Springtime, interrupted: What we lost when we lost the Masters

A quiet 18th. (Courtesy Masters.com)
A quiet 18th. (Courtesy Masters.com)

Were we in different days, we’d be in the heart of the Masters tournament. Charley Hoffman would be leading, Tiger would be lurking, and Rory McIlroy would be close enough to the top for us to think, maybe this is the year he shakes off his Augusta curse.

None of that’s happening now. Augusta National sits empty while the rest of us sit in our homes. That’s only right; there are problems and challenges far more significant than a golf tournament. Still, the absence of Augusta this week is a loss of something far more than just a chance to sip Arnold Palmers and watch men chase a little white ball around the Georgia countryside.

I live in the South, so for me, two events bookend the summertime. The azaleas blooming in the spring signal that we’re done with winter, and the sound of a high school band practicing on a football field is the first hint that fall is near. These have been the traditions for as long as I’ve been alive.

So the fact that there’s no Masters Tournament this week … well, it means a lot more than just missing out on another week of sports. It’s a break with history, a fracturing of tradition, another tough reminder that this year is unlike any that any of us have lived through.

One of the finest aspects of the Masters is the fact that nothing inside the gates of Augusta National ever changes. I was watching ESPN’s rebroadcast of Jack Nicklaus’s 1986 win Wednesday night, and what struck me was how little the course has changed since then. That broadcast didn’t have chyrons to tell us which hole we were looking at, and yet I recognized the wide downhill slope to 15; the tight, rolling green of 16; the narrow pine-lined fairway of 18 as easily as I’d recognize the streets where I grew up.

(Yes, that unwavering allegiance to the past is also one of Augusta’s most significant problems; you don’t have to think too hard to realize that there are plenty of “traditions” in American history — and especially the South — that ought to be left behind. But today, let’s focus on the positive.)

You mess with tradition at your peril. When Augusta National changed the recipe for its famous pimento cheese sandwiches a few years ago, patrons recoiled in horror. With good reason … the taste of that pimento cheese sandwich, washed down with the secret “Stand 12” drink that you only get by asking, and paired with a peach ice cream sandwich … friends, that’s deliciousness and nostalgia and gratitude, all for less than six bucks.

One of the enduring images of last year’s Masters came when Tiger Woods, who’d just clinched his unlikeliest major of all, reached out to embrace his two kids. The unforgettable look on his face — exultation, relief, the thrill of sharing this moment with the people he cared about most — in that moment, Woods wasn’t a remote icon, he was a joyous father.

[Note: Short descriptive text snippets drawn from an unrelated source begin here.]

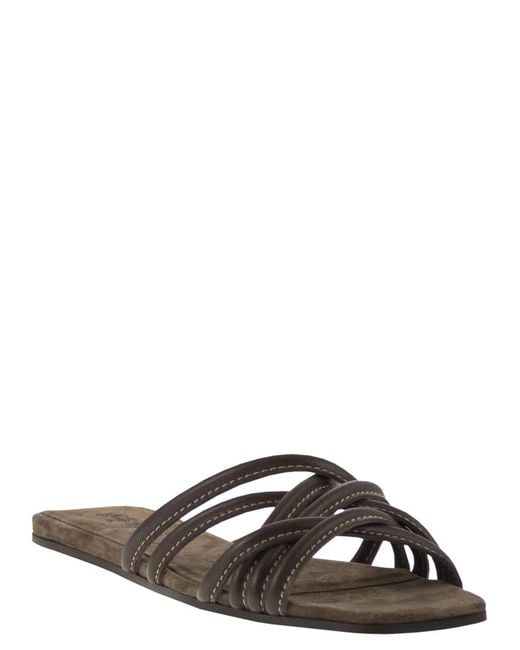 Brunello Cucinelli Black Flat Leather Sandals With Criss-Cross Straps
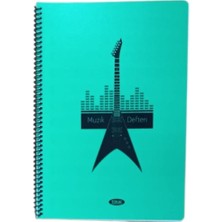 Marka Tokaç A4 Müzik Defteri Spiralli Pp Kapak 40 Yp-Yeşil Elektronik Gitar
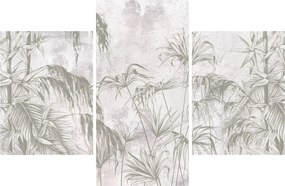 Tablou - Plante tropicale pe perete gri (90x60 cm)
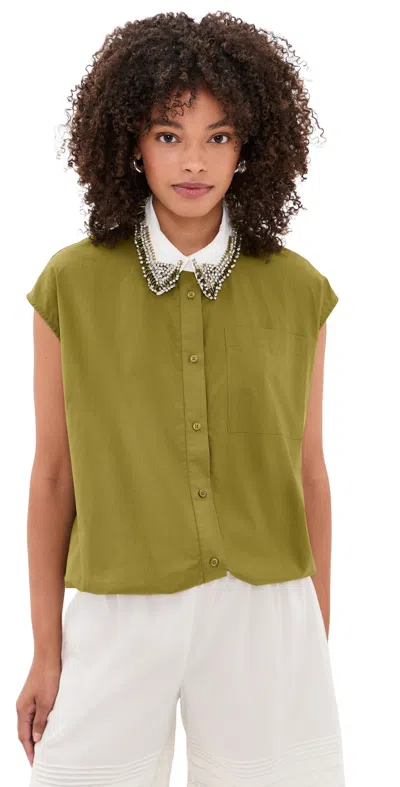 Essentiel Antwerp Janky Beaded Collar Shirt Avocado In Green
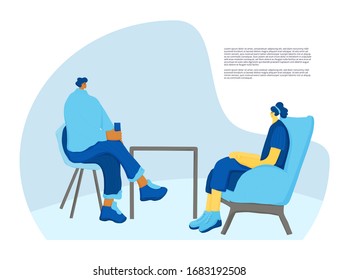 Interview concept. Mature and young persons sitting and talking about vacancy. Business people having a hr conversation. Vector illustration.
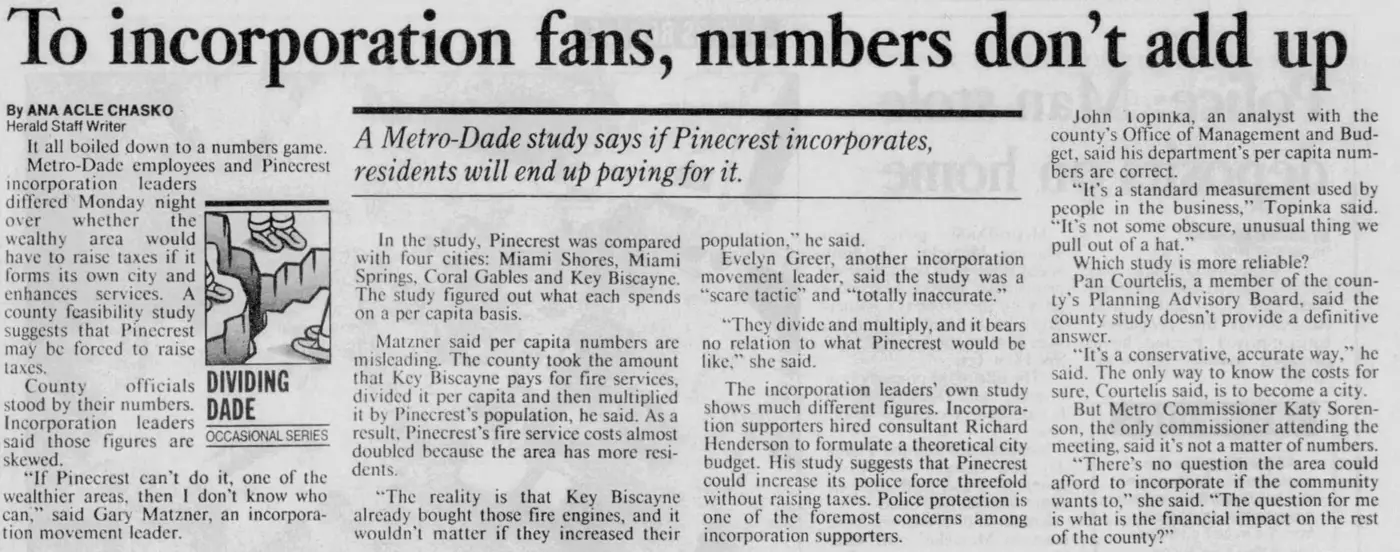 Miami Herald scan of "To incorporation fans, numbers don't add up", printed page 3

It marked a circle-of-life bookend to the moment in 1997 when Woods’ own father bear-hugged him at almost the exact same spot.

It was also the perfect metaphor for every parent who’s taken a child to Augusta … and, in turn, every child who will grow up to take their own kid there. At Augusta, the roles change, but the tradition rolls on.

So this weekend, I’ll watch some Masters highlights. I’ll whip up some Arnold Palmers of my own and drink them from a plastic Masters cup. (I’ve got a bunch.) I’ll Zoom with my friends, and we’ll tell the same stories we tell every year when Augusta rolls around. It won’t replace what’s lost. But it’ll do until the real thing comes back, in November or in 2021.

And now, I’m just hoping I’ll hear that high school band start up on schedule.